[Linux, VS Code] Fails to read ITD_RESS.PAK; `pakInfo.compressionFlag` out of bounds
Problem
On Linux, loadPak fails to correctly load ITD_RESS.PAK.
Specifically, pakInfo.compressionFlag is supposed to be either 0, 1, or 4; however, it's read as 52.
It also appears that some other values might be wrong.
- I'd imagine
pakInfo.discSizeshould be smaller thanpakInfo.uncompressedSize; it isn't - I'd also imagine
pakInfo.offsetisn't supposed to be negative; it is
How to replicate
Follow the instructions for building on Linux locally using Vs Code on my readme
It's possible, though I haven't had the time to verify, that this might be the result of taking Windows/NTFS files and moving/copying them to a Linux/ex4 context (e.g. improperly handling & resolving NTFS compression), or it might be an endianness problem.
If any other Linux users have the time to replicate & verify, that'd be great. If you don't have the game files, I'm not gonna give you the whole game, but you only need 2 files (really 1) to replicate this; you need a file named LISTBOD2.PAK for the engine to detect the game as AITD1 (it doesn't need to be the actual file, it just needs that name), and you need ITD_RESS.PAK to actually try and read data from. I'd be perfectly ok with giving anyone willing to try this my copy of ITD_RESS.PAK; just tell me your email and I'll send you the file. In fact, if anyone on Windows or macOS wants to try using my copy of ITD_RESS.PAK, that might help determine if it's the file that's bad, or the environment that's reading it; that would also be a big help. Windows would help determine if it's the file, macOS (being Unix derived) might help determine if it's the environment.

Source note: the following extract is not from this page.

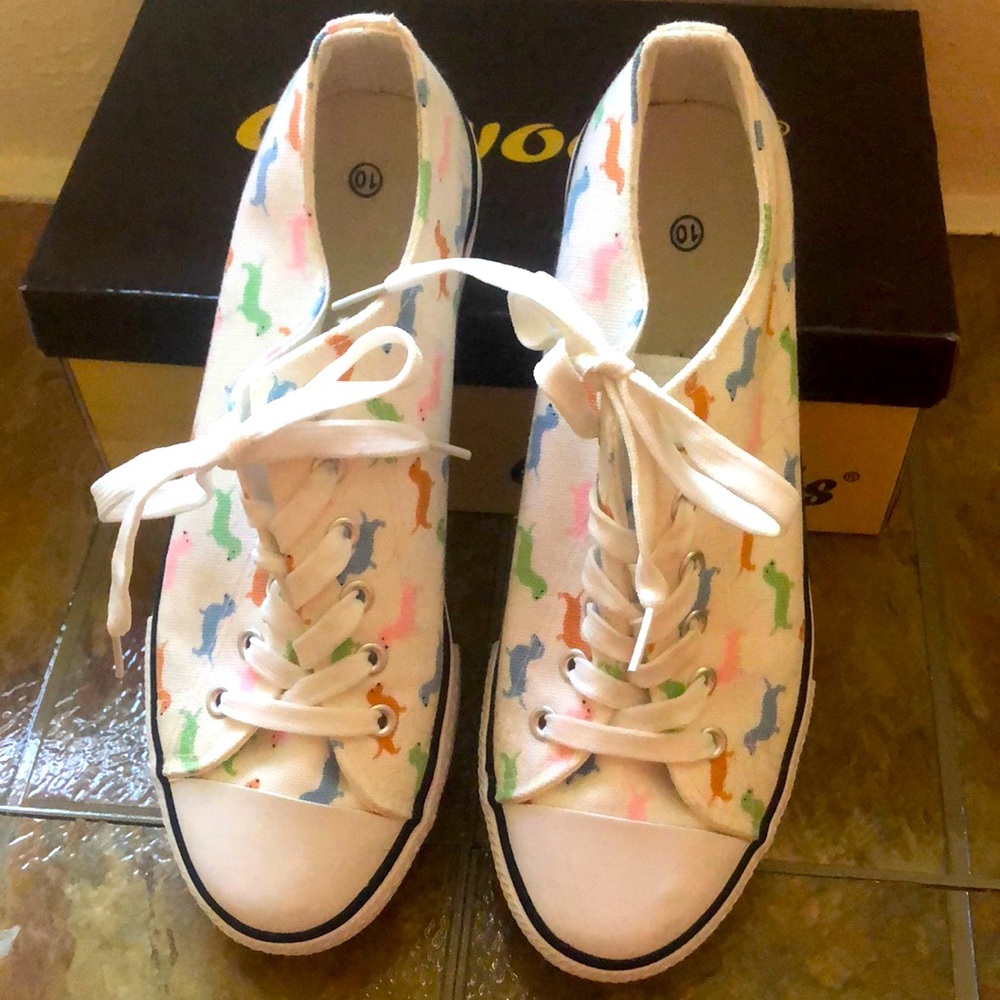 White sneakers with pastel colored weenie dog print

If a Windows user who already has the whole game & can successfully build & run it wants to try, be sure to keep track of my file vs your OG working files; maybe keep a backup archive of your files before downloading mine.
Additionally, though I'm personally quite skeptical of this, it's also possible that this is because of my toolchain; I'm using Visual Studio Code w/ the CMake plugin & gcc as the C compiler & g++ as the C++ compiler. If anyone on Windows with VSC & the required Visual Studio compilation files wants to try building using VSC, that'd also be a big help & I'll update the readme in my PR; just be sure to clean the configuration files before building to make sure the files are being generated by the same toolchain. I might try clang locally as well to see if it works.
If anyone would like to build for Windows & send me the compiled executable, I could test my local files and see if they work correctly that way as well.
Ok, here's the troubleshooting I've done today:
- Boot into Windows & compile & run the binary against the files; worked fine
- Ensured the files do not have NTFS compression enabled; they didn't
- Booted back into Linux & used the same validated files on the native Linux build; same error
- Ran the compiled Windows binary through Wine with the same validated files; worked fine. At this point, I have to assume there's either a serious problem or it's a simple oversight, like 1 system defaulting to a different endianness.
It appears to be the endianness. This resource says ITD_RESS.PAK has 19 subfiles in it; adding debug lines that change the endianness yield the following:
PAK_getNumFiles: Initial: ITD_RESS has 31586263236627 files (Raw value: 126345052946516)
LE: ITD_RESS has 31586263236627 files (Raw value: 126345052946516)
BE: ITD_RESS has 19 files (Raw value: 84)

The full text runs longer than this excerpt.